Three British passengers who were aboard the Boeing 737 MAX 8 Ethiopian Airlines plane when it crashed in 2019 were “unlawfully killed,” a UK coroner has ruled.
Sam Pegram, Oliver Vick and Joanna Toole were all travelling on the aircraft from Addis Ababa to Kenya when the plane went down just six minutes after take-off on March 10, 2019.
According to the BBC, West Sussex coroner Penelope Schofield said the incident happened after a series of failures relating to the Maneuvering Characteristics Augmentation System.
A sensor failure meant that flight control software initiated at the wrong time and forced the plane to dive despite the pilots attempts to level the aircraft.
The disaster, in which 157 died, came just months after a Lion Air 737 MAX aircraft crashed in October 2018 killing 189 people on board.
Following the Ethiopian Airlines crash the Boeing 737 MAX 8 was grounded for almost two years.
However, three days past before the 737 MAX was grounded in the United States (US).

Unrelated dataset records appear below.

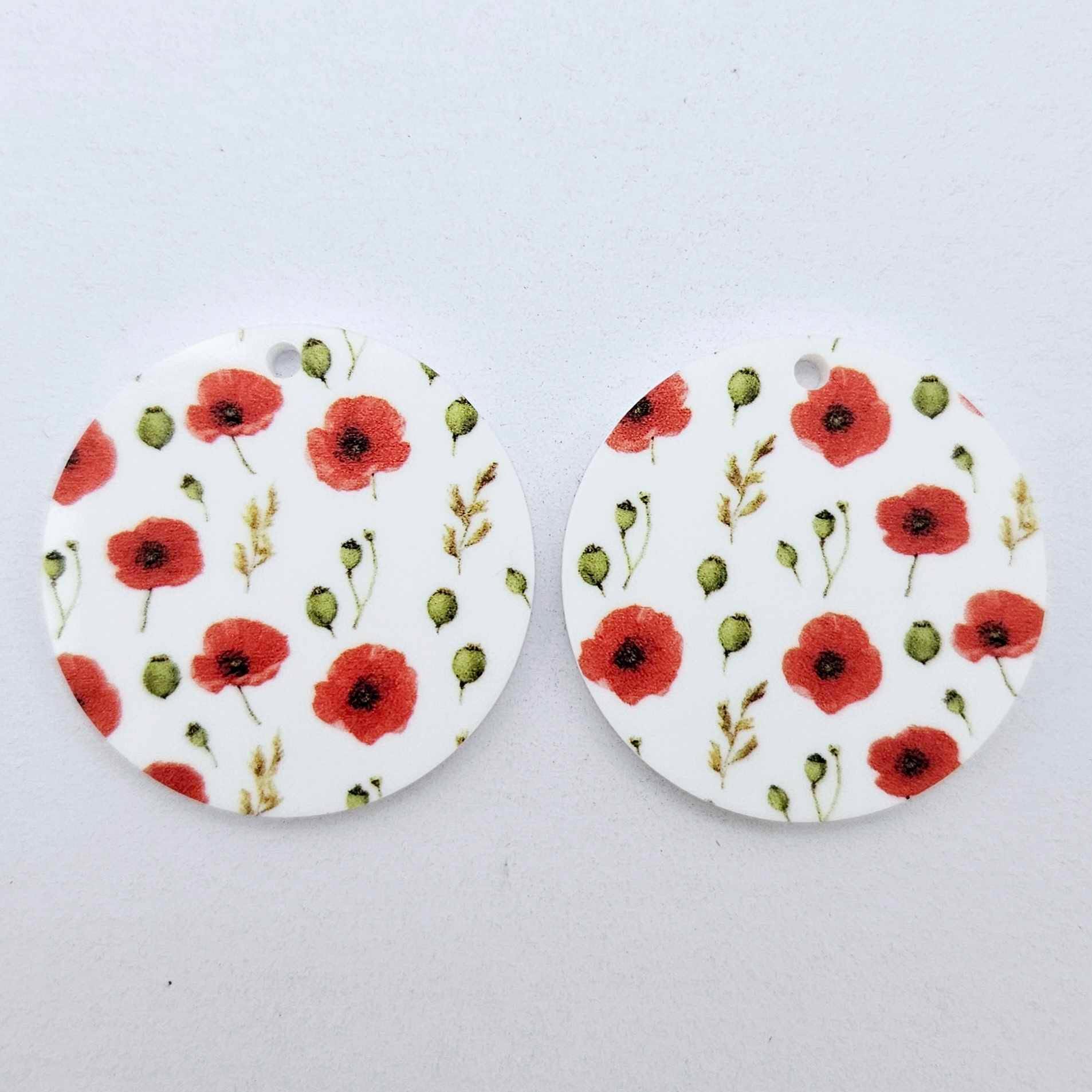 One pair of 32mm Poppy UV printed circle dangle earring blanks featuring vibrant poppy blooms and green foliage on white acrylic laying flat.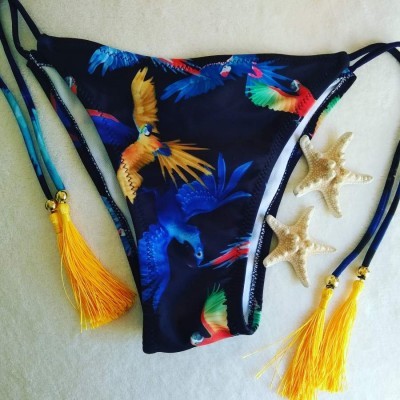 Cuecas de biquíni com padrão de papagaios e tasséis amarelos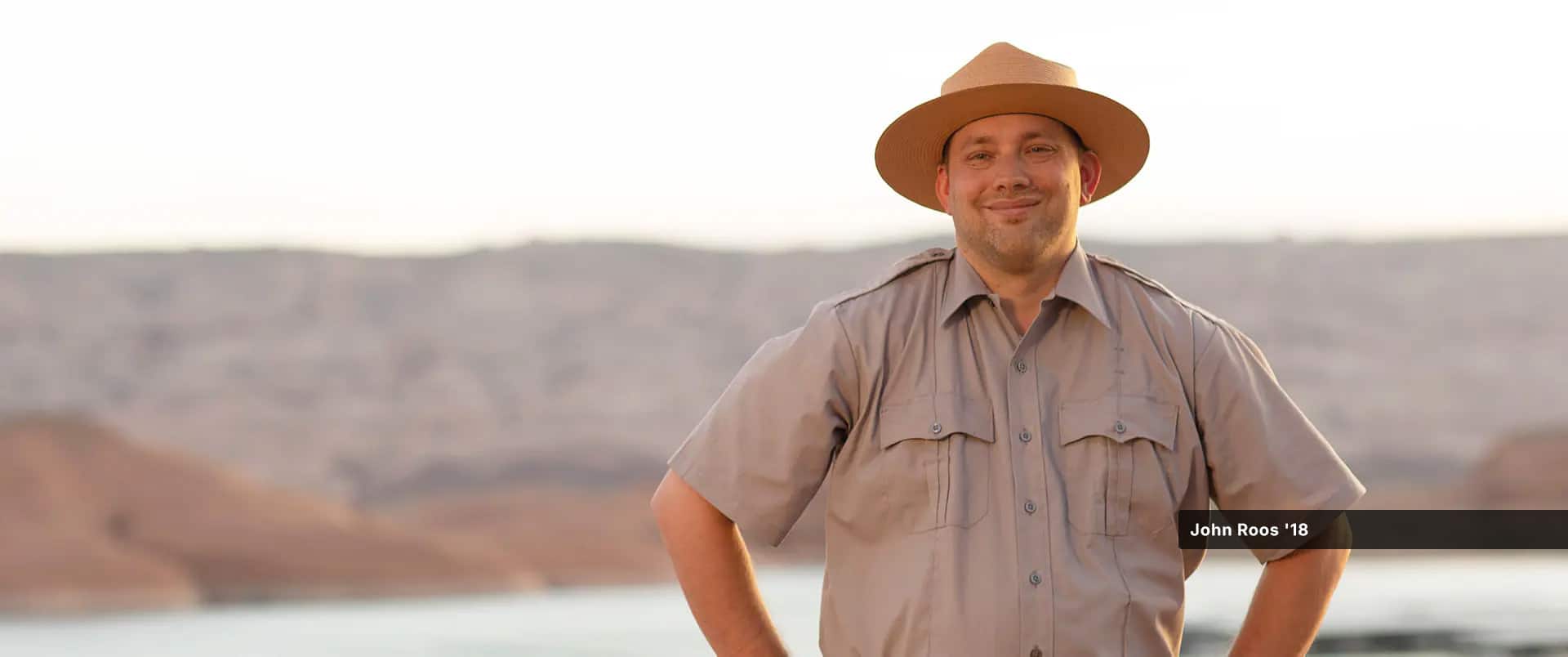 John Roos, who earned his online history degree from SNHU in 2018, wearing a tan park ranger uniform and hat, standing with his hands on his hips with a lake and low mountains visible in the background.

In May 2023, a US judge ruled that relatives of those killed in the Ethiopian Airlines crash can claim compensation.
The judge said the relatives will be allowed to make claims for the pain and suffering experienced by loved ones before impact.
“There is sufficient evidence to support a reasonable inference that these passengers experienced pre-impact fright and terror, and that experience is part of the ‘process or manner of death,’” US District Judge Jorge L. Alonso wrote in his ruling.
AeroTime has contacted Boeing for comment.